表面上、エンジン開発のみを共同開発するような報道だが、ロールスロイスがエンジンの開発費を負担しても2,000億円程度で、機体価格を200億円から180億円に引き下げる効果しかない。
やはり、F-3を輸出しないと機体価格は劇的には安くならない。
英テンペストと共通化?
イギリス空軍は第6世代戦闘機「テンペスト」の開発を2025年から開始する計画で、これにイタリアも参加し「テンペスト」の生産機数は400機以上となると見られる。
日本の次世代戦闘機F-3はこのテンペストとレーダー、ミサイル等の部品を共通化する可能性がある。但し、機体については日本独自設計になると思われる。
エンジンはIHIとイギリスのロースルロイスとの共同開発となる。
空対艦ミサイルは日本のASM-3改良型(射程400km)が採用されるのではないか?
空対空ミサイルは日英共同開発のミーティア改良型(射程300km)が採用されるとみられる。
レーダーはF-2に搭載されている三菱電機製J/APG-2(Ga-N素子アクティブ・フェーズド・アレイ)改良型が採用される可能性がある。
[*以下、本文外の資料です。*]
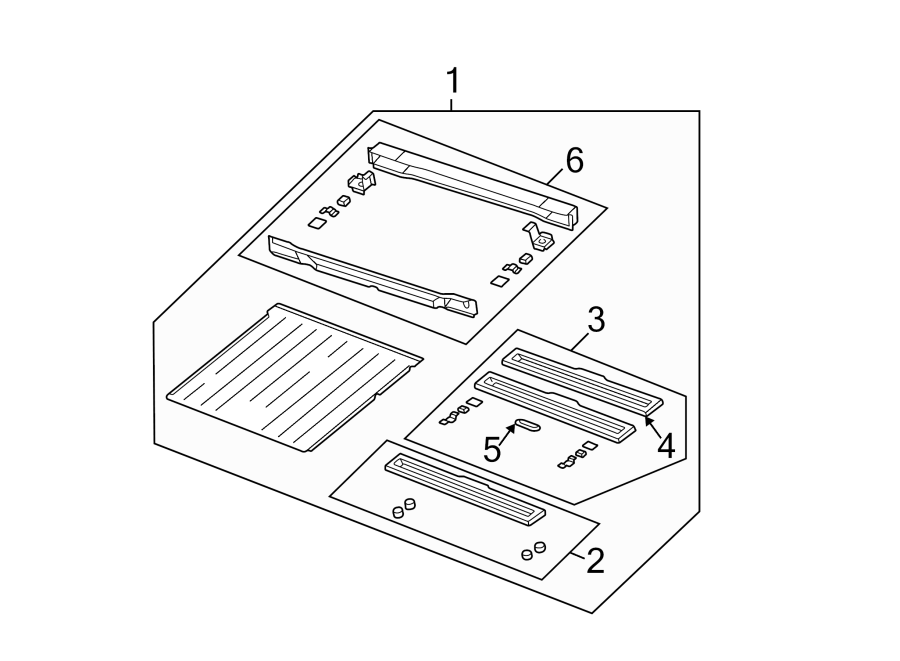 4REAR BODY & FLOOR. REAR FLOOR & RAILS.https://images.simplepart.com/images/parts/motor/fullsize/WJ97711.png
アメリカ・ボーイング社が開発中のレーザー兵器を搭載する可能性がある。
無人機モードで飛行できる可能性がある。
複数の小型無人機(ドローン)を戦闘機からコントロールできる仕様になるかもしれない。
今後の開発日程(当ブログ予想)
- 2020年 日本主導の次世代戦闘機専属チームを防衛省内に新設
- 2021年 本格的な開発を開始
- 2024年 基本設計
- 2026年 試験機製造開始(試験機による試験)
- 2030年 製造開始
- 2031年 量産体制を確立
- 2035年 実戦配備開始(F-2退役開始予定)
ステルス実証機X-2
写真は2回目以降のテスト飛行
2016年4月22日、ステルス実証機X-2が初飛行した。
しかし、キャノーピーはT4練習機から流用、ランディングギア(前脚、主脚)はT2練習機から流用したものだった。
また、エンジン推力は1基5トン(2基合計で10トン)であり、F-16のエンジンの1基13トンよりも小さく、期待外れ感があった。
しかし、X-2は、そもそも、机上のステルス理論が正しいかどうかを「実証」する目的なので、コスト削減するため、既存部品を流用して組立ることは正解だったかもしれない。
三菱重工業の模型には、F-2戦闘機と同じ「洋上迷彩」が施されている。つまり、F-15Jのような制空戦闘機ではなく、対艦攻撃も可能なマルチロールファイターを目指していると思われる。
日本政府はF-3次世代戦闘機をスクランブルにも使用する計画で、F-35よりもパワーのあるエンジンと、より多くのミサイルを搭載すると思われる。